For more metaphysical nonsense, go to Wikipedia and read about Gilbert Ryle’s refutation of Descartian dualism. What does that mean? I’m not really sure, but it seems someone other than me is having trouble buying the idea of separating souls from bodies.

But for the real question: does my computer have feelings?
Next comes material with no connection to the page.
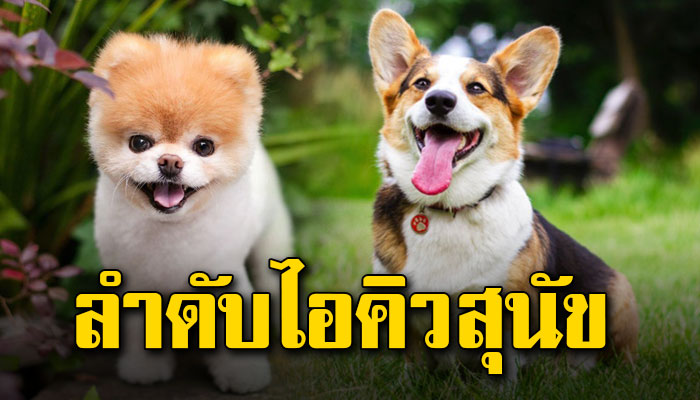 เปิด 95 ลำดับไอคิว สุนัข ที่ฉลาดที่สุด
I’d say so, but like Will Smith in I, Robot, the Dell 600m’s dramatic range is limited to rebellious paranoia and fits of jittery anger.

Comments

  1. i think someone didn’t give the movie its full credit. so what if every idea isn’t perfectly correct. it’s about the concepts. and it is beautiful. i stand by my words.
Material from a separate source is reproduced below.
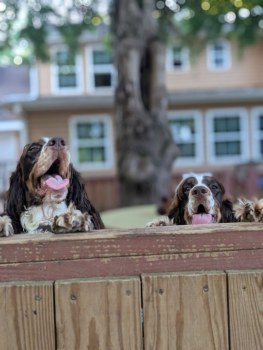 Rover Oaks Pet Resort gallery image 1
    January 6, 2007 @ 12:41 pm
  2. Wang »

    don’t get me wrong, the movie wasn’t awful, but basing that movie’s merits on its “concepts” is like trying to say Tom Clancy’s Rainbow 6 is a stunning work of political analysis because it was about “terrorism.” (unfortunately, i have read it) Anyway, I’m pretty sure we can both agree on the following: Isaac Asimov was a smart man, Will Smith is a funny man, and the scene with the two huge robot trucks sandwiching Will Smith’s sleek-looking Audi sports car was a fantastic piece of eye-candy. let’s just leave it at that — i’ll save the film critiques for the godfather (which we will watch next week)

    January 6, 2007 @ 1:54 pm
  3. A.I. was beautiful. I, Robot wasn’t really formally innovative at all. I thought it was very cynical in the way it was shot— sort of hoping that carryovers from Gattaca, Minority Report, A.I., and similar sexy future movies would be enough to distract the audience from all around poor acting performances and some meta-gay dialogue.

    Aside from that, it’d be neat to look over the way Spielberg treats the sexuality of mechanical devices in A.I. and the way Kar-Wai does it in 2046. I haven’t seen Jude Law take up that robot Duce Bigalow role in a couple years, but Spielberg’s movie seemed to revel in the intersection of technology and sexual stimulation whereas Kar-Wai had a world, or at least a train, where sex with machines was taboo.